El alimento forma al hombre interior; lo que comemos se transforma en parte de nosotros mismos. Llenos del amor de Cristo, los rescatados son conduci­dos a imitarlo. "Como el Padre me ha amado, así tam­bién yo os he amado; permaneced en mi amor" (Juan 15:9): a esto corresponde alimentarse del pecho del sacrificio de paz. Y el Señor añade: "Que os améis unos a otros, como yo os he amado" (Juan 15:12). Ali­mentados del amor del Señor, arraigado y sobreedificado en él, manteniéndonos firmes en él, podremos amarnos unos a otros.

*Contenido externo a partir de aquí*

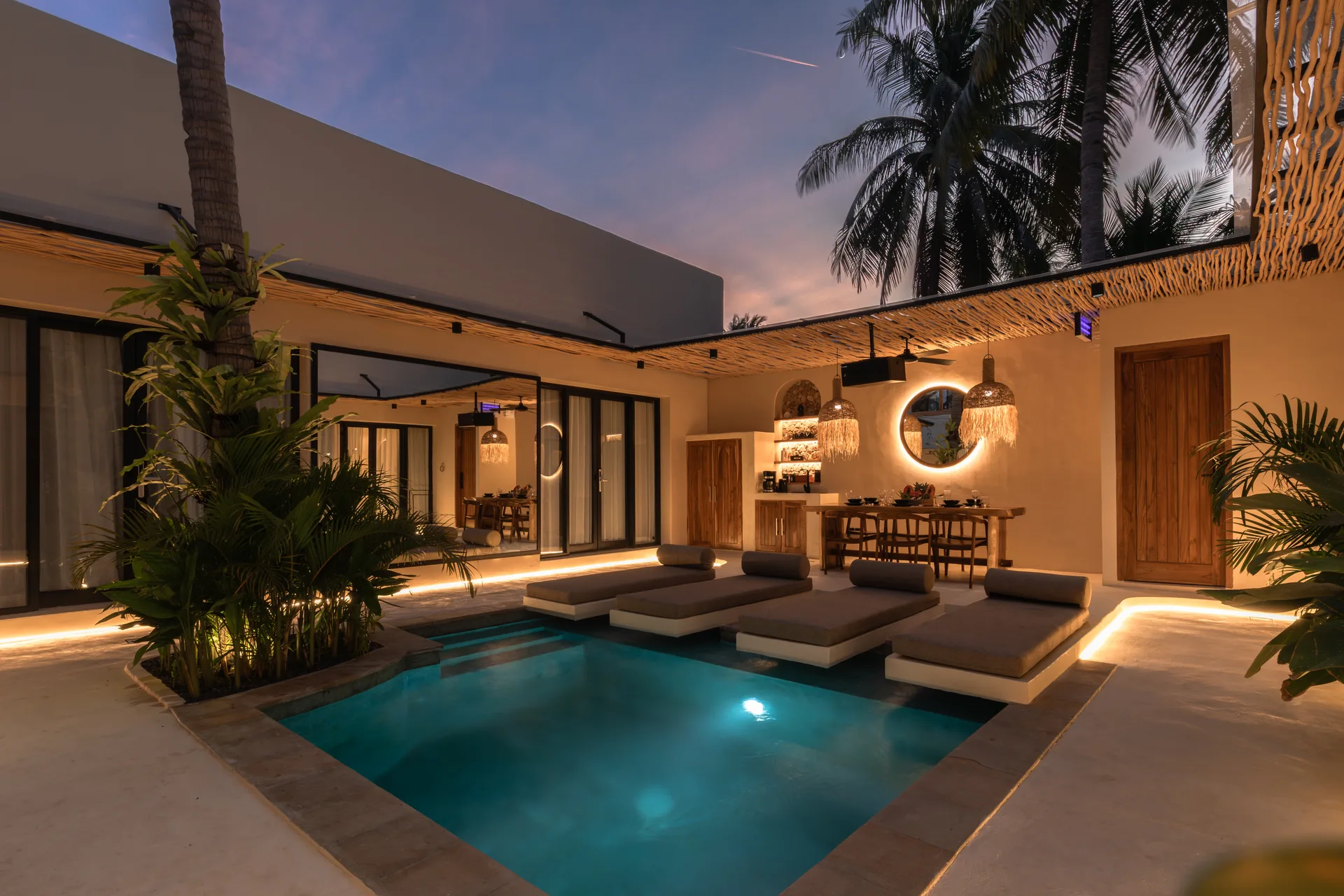 KOA One Villa private pool at dusk on Gili Trawangan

Los sacerdotes también comían de la ofrenda vegetal que acompañaba al sacrificio (Levítico 7:12). Esta nos habla del andar de Cristo. Alimentarse de ella es, como lo hemos visto, penetrar profunda y personal­mente en el andar de Cristo aquí abajo. Llenos así de él, seremos formados interiormente para "andar como él anduvo" (1 Juan 2:6). Amar como él nos amó, andar como él anduvo, tal es la parte de los "sacerdotes": cre­yentes que no sólo se gozan de ser salvos, de tener paz con Dios, de experimentar Sus cuidados y bendiciones, sino que toman a pecho lo que conviene a Dios, lo que El desea, lo que él pide:
¿De qué incienso la fragancia Pura, a Ti subiera en loor? El nardo de nuestra alabanza, ¡Oh Jesús! ¿No es tu mismo amor?
La espaldilla elevada también era la parte del sacerdote. Esta espaldilla nos hace pensar ante todo en la fuerza y en el poder (compárese con Éxodo 28:12; Lucas 15:5). Es la oración de Efesios 1:18-20: "para que sepáis... cuál es la supereminente grandeza de su poder para con nosotros los que creemos, según la ope­ración del poder de su fuerza, la cual operó en Cristo, resucitándole de los muertos". ¡Qué poder debe Dios desplegar para arrancar un alma a Satanás y al mundo, y hacer de ella su hijo! El mismo poder operó en Cristo a fin de resucitarlo de entre los muertos. Pronunciar una simple fórmula no da la vida, pero comer su carne y beber su sangre (Juan 6:54), es decir, creer con todo nuestro ser a un Cristo muerto, implica la operación de todo el poder de Dios, para la apropiación personal por la fe de las virtudes de ese sacrificio.
Pero si consideramos la espaldilla elevada, en rela­ción con 1 Samuel 9:24, desde el punto de vista de Cristo mismo, reconoceremos su parte personal, la por­ción elevada que corresponde a Aquel que tiene toda la preeminencia. Él dio su sangre y ofreció el sacrificio perfecto (Levítico 7:33). Obediente hasta la muerte, recibió un nombre que es sobre todo nombre; está sen­tado a la diestra de la Majestad en las alturas; el princi­pado estará sobre su hombro; y toda rodilla se doblará ante Él.